Periodic Reporting for period 2 - PETRIFYING WEALTH (Petrifying Wealth. The Southern European Shift to Masonry as Collective Investment in Identity, c.1050-1300)

Reporting period: 2018-07-01 to 2019-12-31

Between the years 1050 and 1300 the European landscape turned to stone. It was a structural transformation that led to the birth of a new, long-lasting panorama and helped in the creation of individual, collective and regional identities: a landscape epitomising the way we see the space and territory of Europe. The Petrifying Wealth project seeks to rewrite the social history of the central Middle Ages, emphasizing the need to reassess from an untried perspective an element that has always been present in our vision of the period—the sudden ubiquity of masonry construction—but which has hardly been given the opportunity to provide in-depth explanations for complex social dynamics. It is a project that seeks to offer novel explanations to previously unasked questions about wealth, building, and collective identity.
The speed, extent, and systematization of the construction of churches, towers, castle walls, palaces, and houses within castles and cities provide evidence of an underlying, if unaddressed, issue.
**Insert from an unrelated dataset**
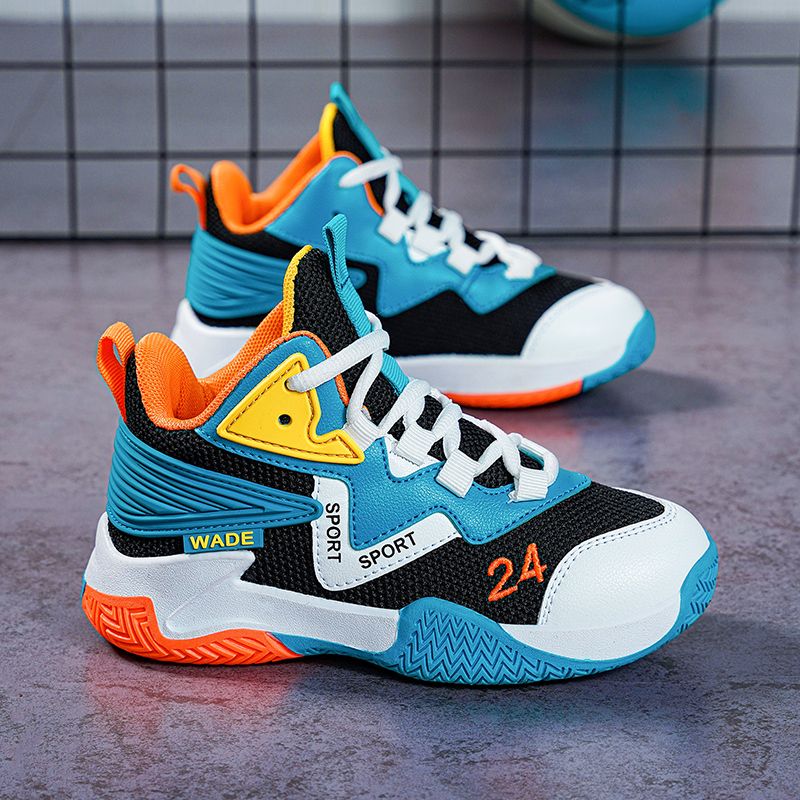 Outdoor Kids Snes 5-16Years Boys Basketball Shoes 2024 Fashion Children's Soft Sole Breathable Running & Walking_voghion.com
It is precisely in the twelfth and thirteenth centuries that the structural link can most clearly be seen between both private and collective wealth, and the investment in stone structures built to last. The study of the shift involving new institutional dynamics, but also unprecedented social practices, as well as ideological concepts radically different from those that had prevailed until then, aims to break down assumptions that have naturalized this truly astonishing process while using as case studies the undervalued regions of southern Europe to explore the larger questions. By inverting the standard approach that sees the heart of the former Carolingian empire (present-day France and Germany) as the wellspring from which other “peripheral” territories drank, Dr. Ana Rodríguez and Dr. Sandro Carocci are undertaking to bring new light to probe the greater meaning behind the process of masonry building as an investment in social identity in the central Middle Ages.
"A report submitted in fulfillment of the requirements for GA695515, reporting period months 1-18. Start up date of the project: January, 1st, 2017.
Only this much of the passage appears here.